• _EXERCISE REQUIREMENTS_
All of the lines below need to be copied exactly, apart from the pictures.

SOURCE MATERIAL START

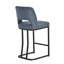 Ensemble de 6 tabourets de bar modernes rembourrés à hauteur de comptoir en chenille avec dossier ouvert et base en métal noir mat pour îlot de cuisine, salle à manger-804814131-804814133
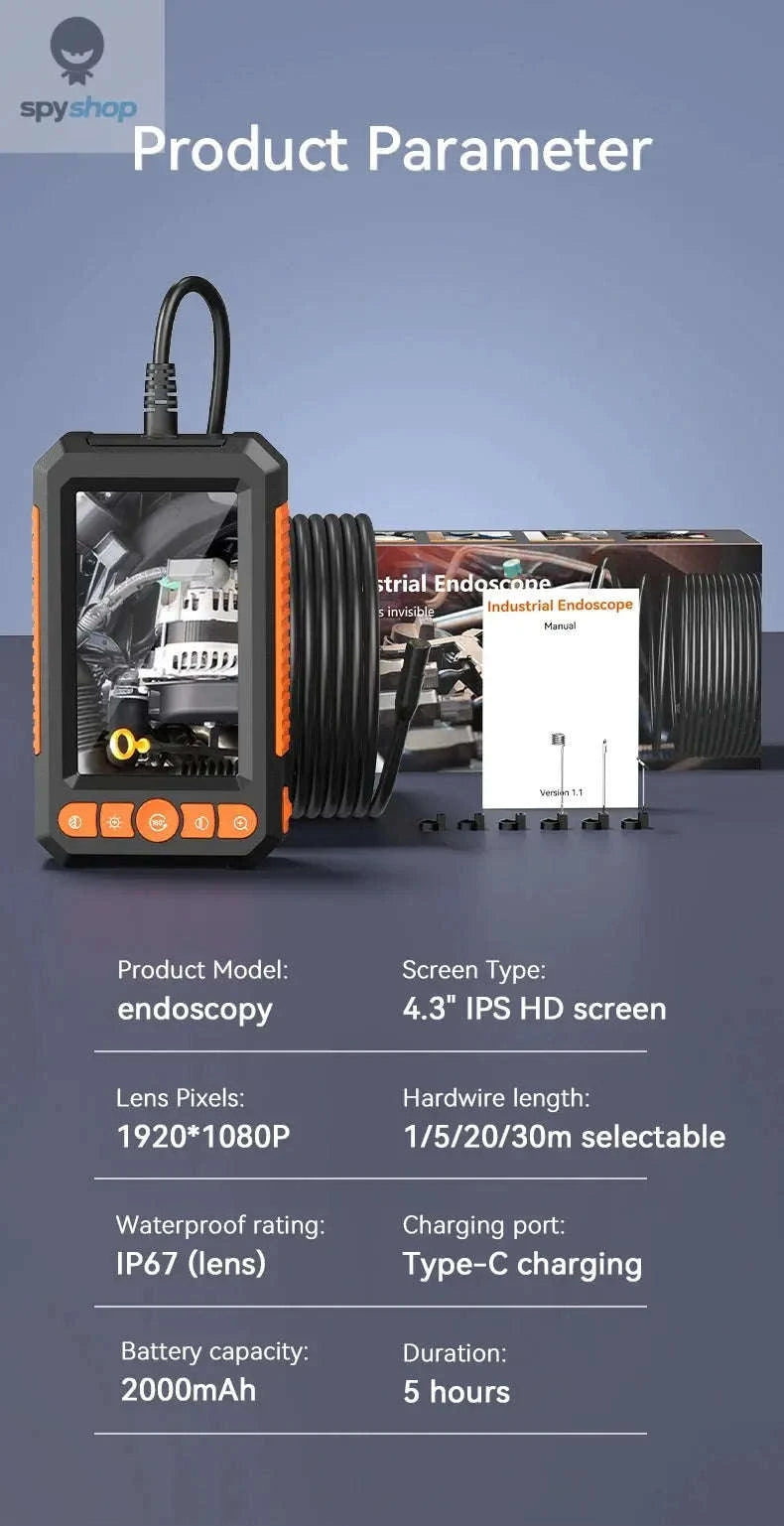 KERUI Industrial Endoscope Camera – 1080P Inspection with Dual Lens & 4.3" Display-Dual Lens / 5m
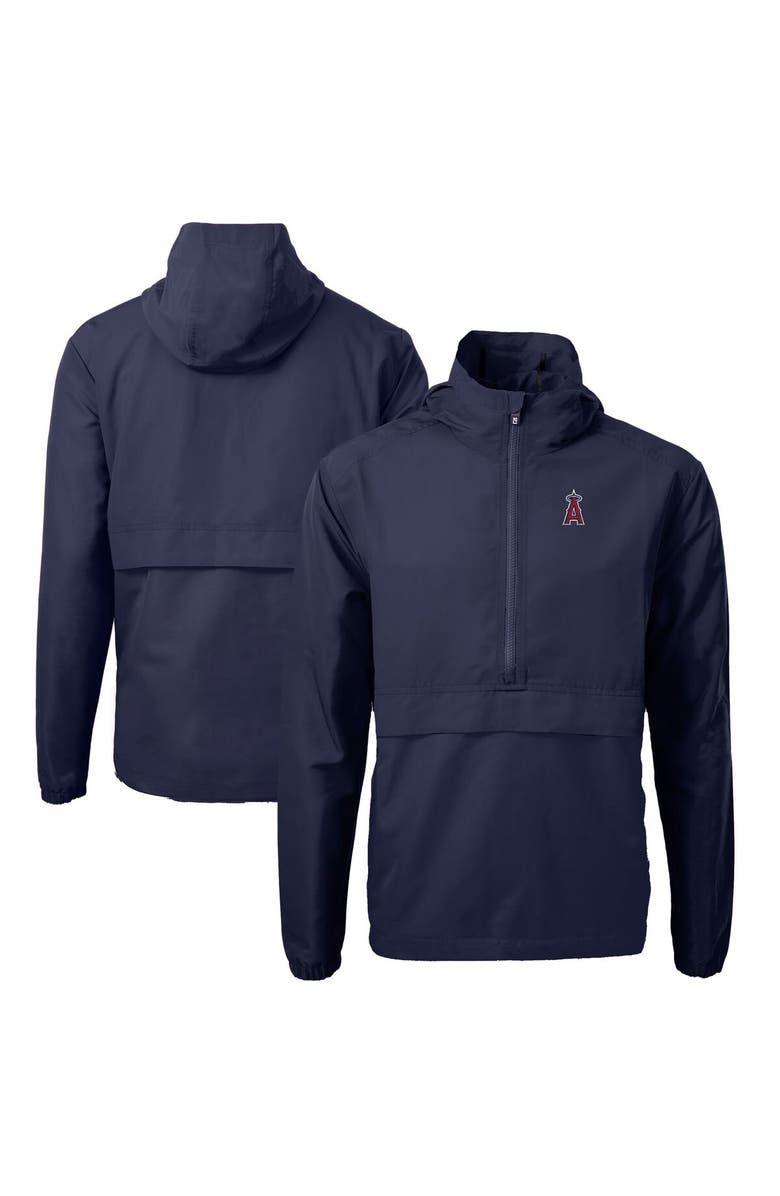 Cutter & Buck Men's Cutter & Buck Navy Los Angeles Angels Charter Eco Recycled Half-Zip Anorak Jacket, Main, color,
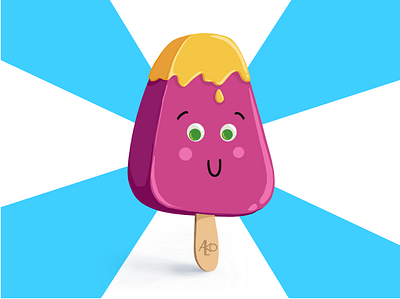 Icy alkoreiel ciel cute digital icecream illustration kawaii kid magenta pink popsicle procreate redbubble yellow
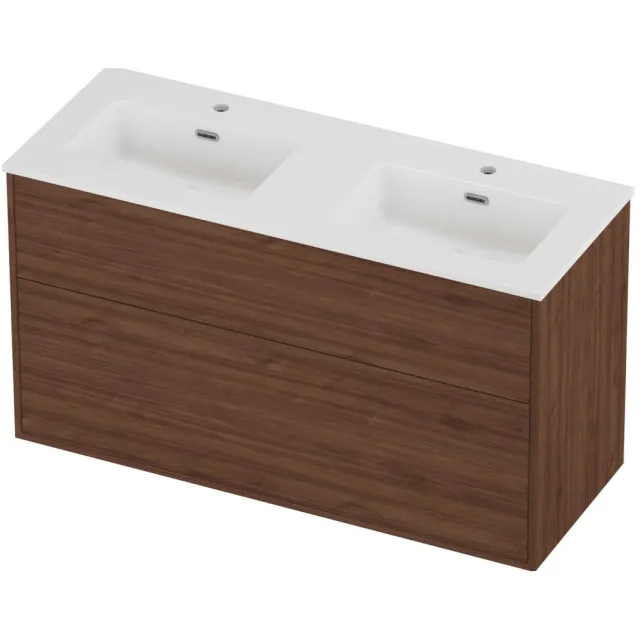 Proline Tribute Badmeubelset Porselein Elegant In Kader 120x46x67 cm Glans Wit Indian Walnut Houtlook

SOURCE MATERIAL END

• _SOLUTION FOR THIS EXERCISE_
 Ensemble de 6 tabourets de bar modernes rembourrés à hauteur de comptoir en chenille avec dossier ouvert et base en métal noir mat pour îlot de cuisine, salle à manger-804814131-804814133
 KERUI Industrial Endoscope Camera – 1080P Inspection with Dual Lens & 4.3" Display-Dual Lens / 5m
 Cutter & Buck Men's Cutter & Buck Navy Los Angeles Angels Charter Eco Recycled Half-Zip Anorak Jacket, Main, color,
 Icy alkoreiel ciel cute digital icecream illustration kawaii kid magenta pink popsicle procreate redbubble yellow
 Proline Tribute Badmeubelset Porselein Elegant In Kader 120x46x67 cm Glans Wit Indian Walnut Houtlook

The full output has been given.